*** Opening PROVIDED DATA ***

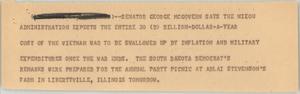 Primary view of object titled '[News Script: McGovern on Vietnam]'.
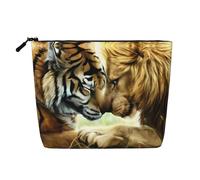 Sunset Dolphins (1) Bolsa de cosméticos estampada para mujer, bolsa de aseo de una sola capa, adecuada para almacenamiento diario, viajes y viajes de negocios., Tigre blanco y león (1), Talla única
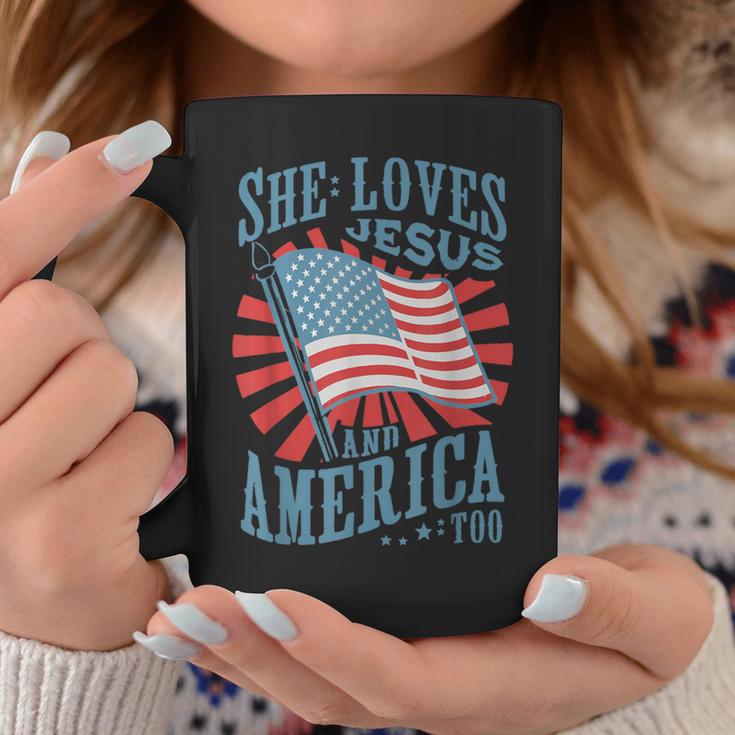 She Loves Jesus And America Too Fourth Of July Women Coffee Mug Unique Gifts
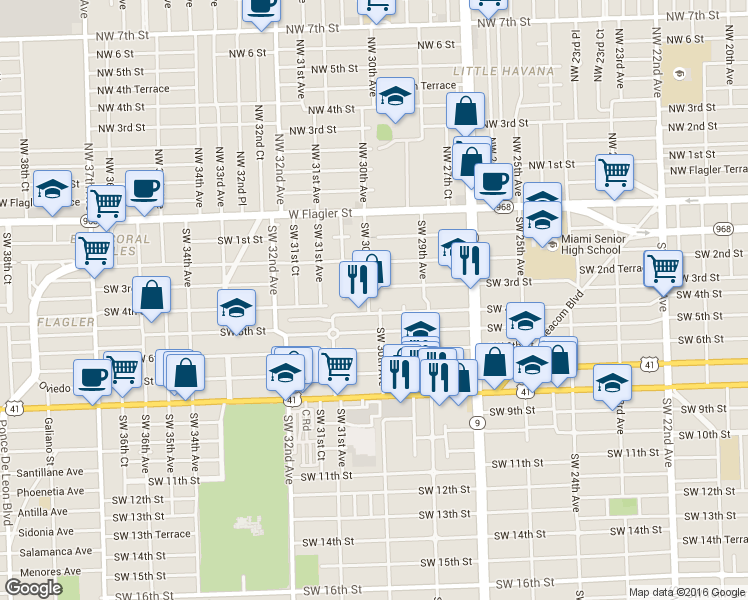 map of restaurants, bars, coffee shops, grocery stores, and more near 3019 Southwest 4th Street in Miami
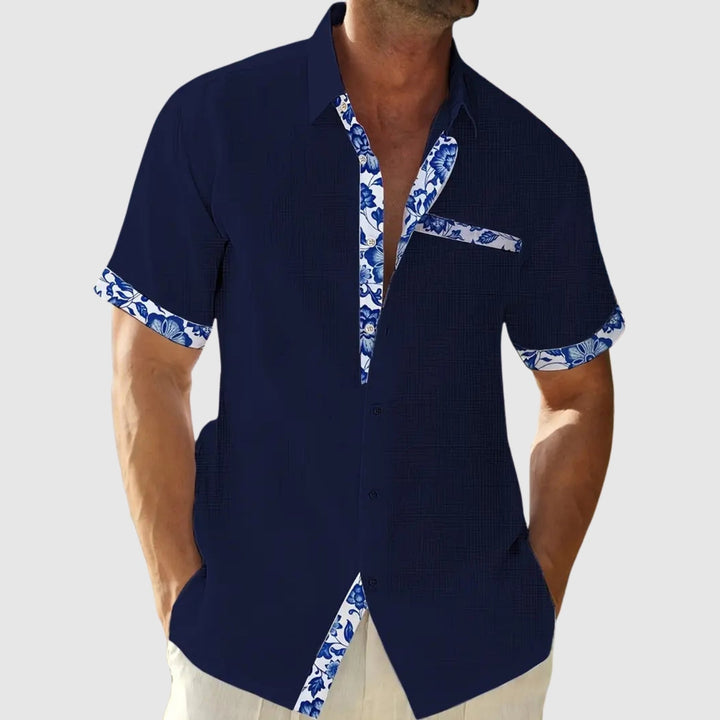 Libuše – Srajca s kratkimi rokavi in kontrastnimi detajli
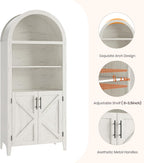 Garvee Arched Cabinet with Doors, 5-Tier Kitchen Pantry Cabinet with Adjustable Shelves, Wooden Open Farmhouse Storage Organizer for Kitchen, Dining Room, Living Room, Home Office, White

*** Closing PROVIDED DATA ***
*** Opening PROVIDED DATA ***

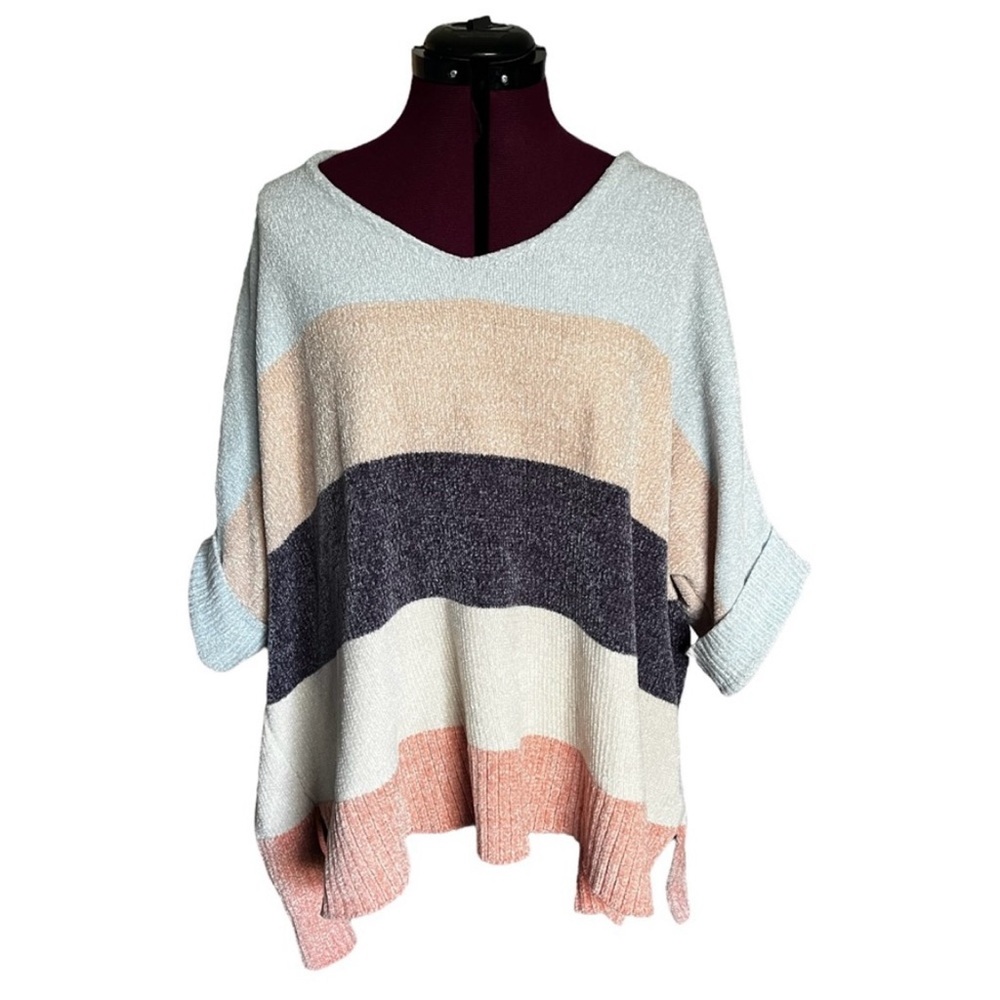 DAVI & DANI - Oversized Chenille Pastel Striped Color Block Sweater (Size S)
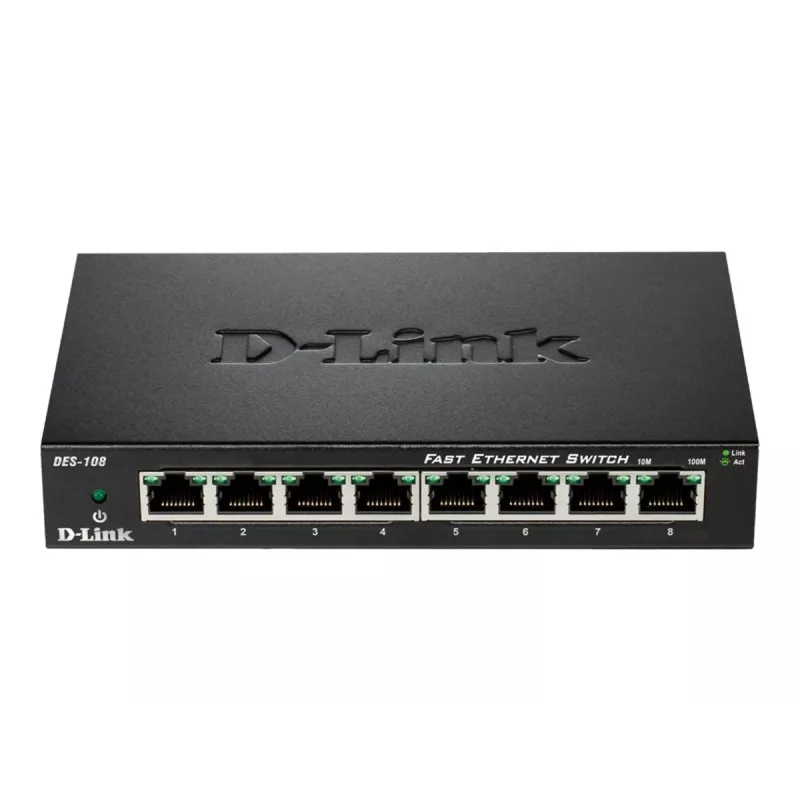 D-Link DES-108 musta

*** Closing PROVIDED DATA ***
*** Opening PROVIDED DATA ***

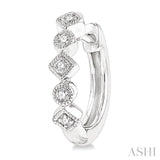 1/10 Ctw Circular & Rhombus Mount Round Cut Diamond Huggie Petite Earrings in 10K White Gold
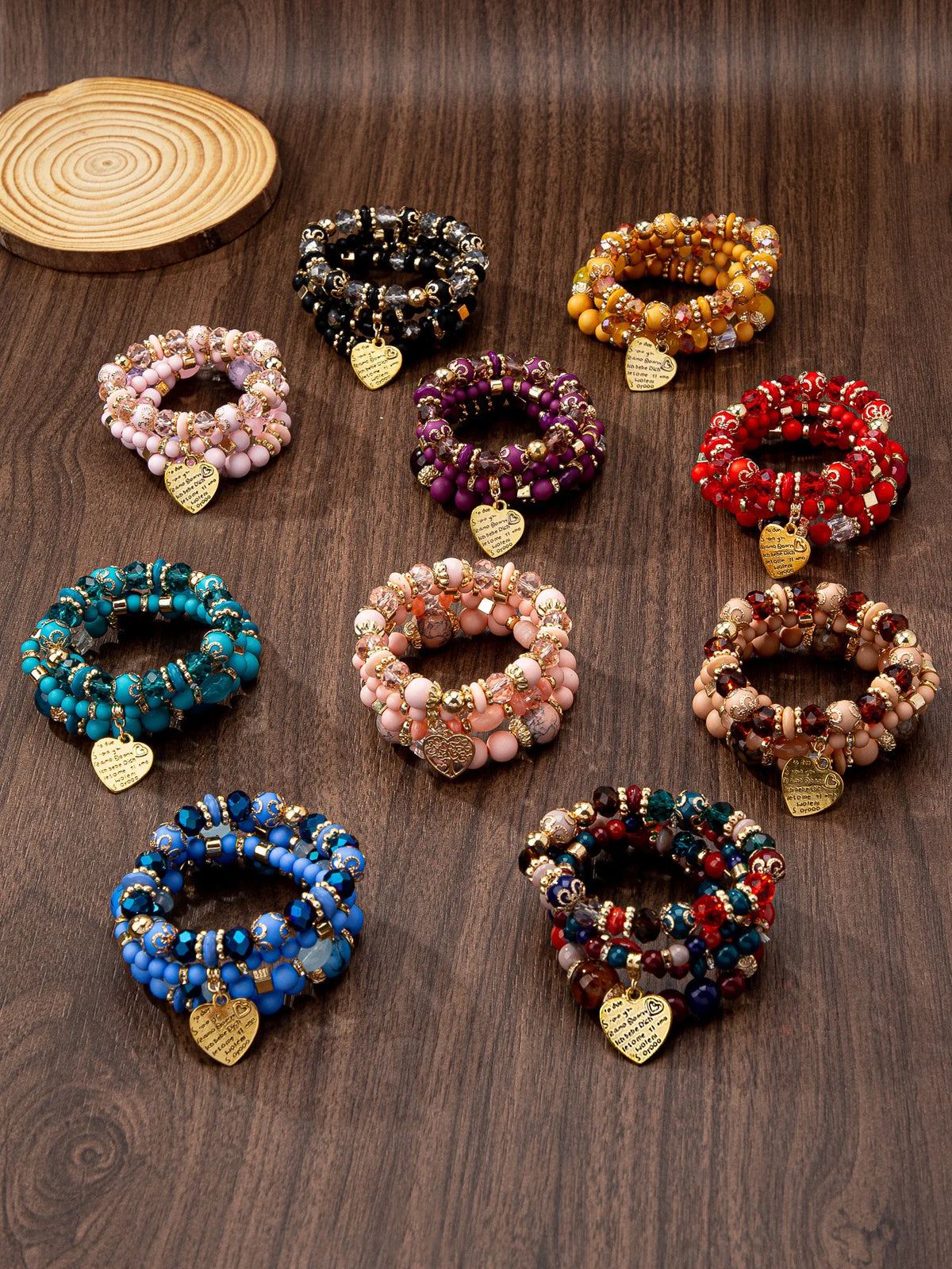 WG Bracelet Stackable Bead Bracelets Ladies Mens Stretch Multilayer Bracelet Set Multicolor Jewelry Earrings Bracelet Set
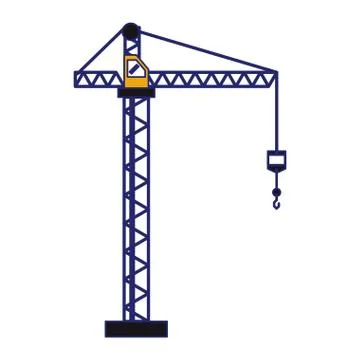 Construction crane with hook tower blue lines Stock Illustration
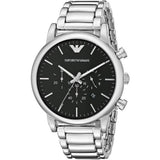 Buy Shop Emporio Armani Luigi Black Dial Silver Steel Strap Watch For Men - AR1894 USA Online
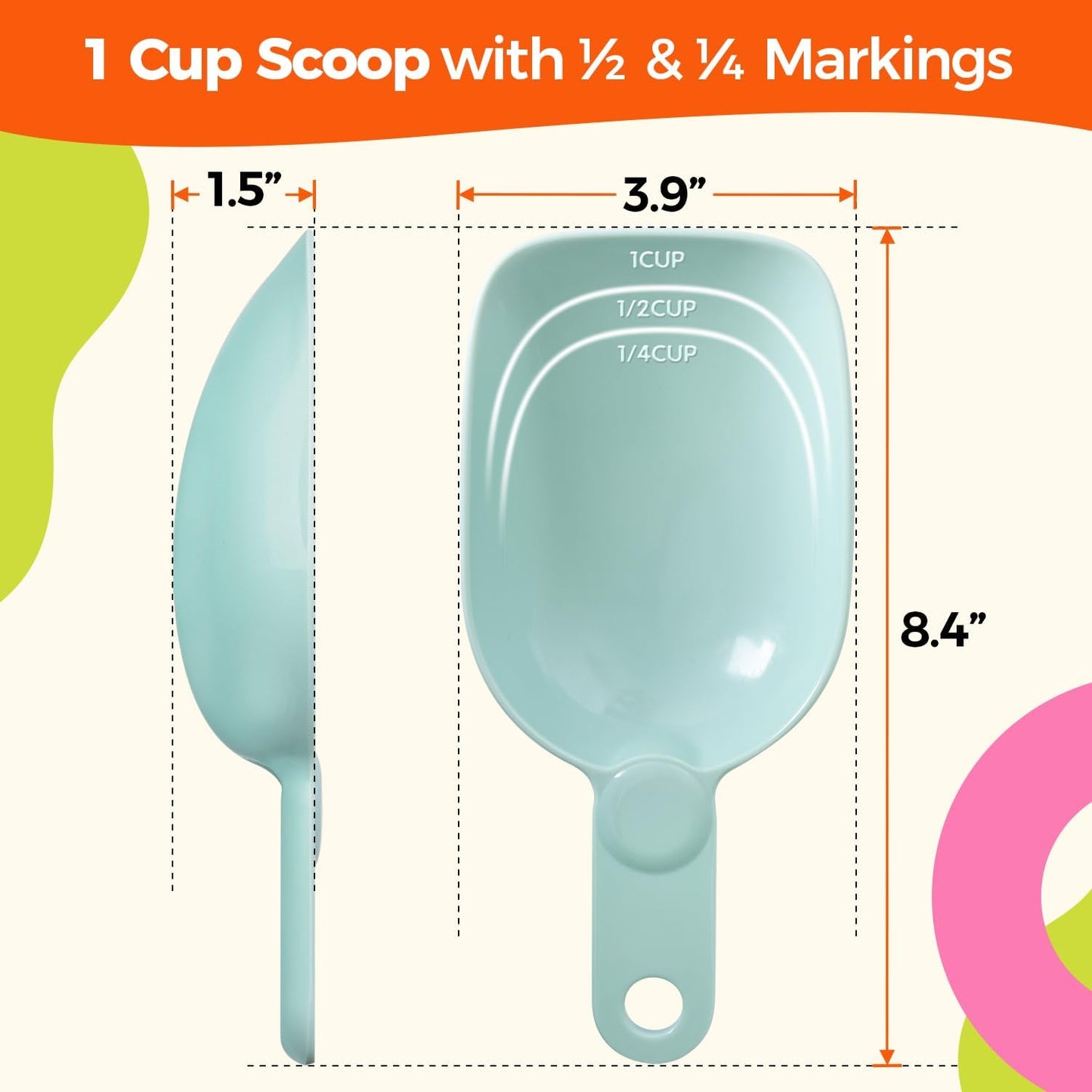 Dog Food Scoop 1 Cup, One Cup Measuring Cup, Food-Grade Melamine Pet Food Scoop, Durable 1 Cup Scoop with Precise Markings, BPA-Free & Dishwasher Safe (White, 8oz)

*** Closing PROVIDED DATA ***

▶ [BRIEF]
The response must repeat exactly the lines above from the one with "WG Bracelet Stackable" through the one with "Dog Food Scoop", including both, and must contain no pictures and no other text.

▶ [SOLVED PROBLEM]
 WG Bracelet Stackable Bead Bracelets Ladies Mens Stretch Multilayer Bracelet Set Multicolor Jewelry Earrings Bracelet Set
 Construction crane with hook tower blue lines Stock Illustration
 Buy Shop Emporio Armani Luigi Black Dial Silver Steel Strap Watch For Men - AR1894 USA Online
 Dog Food Scoop 1 Cup, One Cup Measuring Cup, Food-Grade Melamine Pet Food Scoop, Durable 1 Cup Scoop with Precise Markings, BPA-Free & Dishwasher Safe (White, 8oz)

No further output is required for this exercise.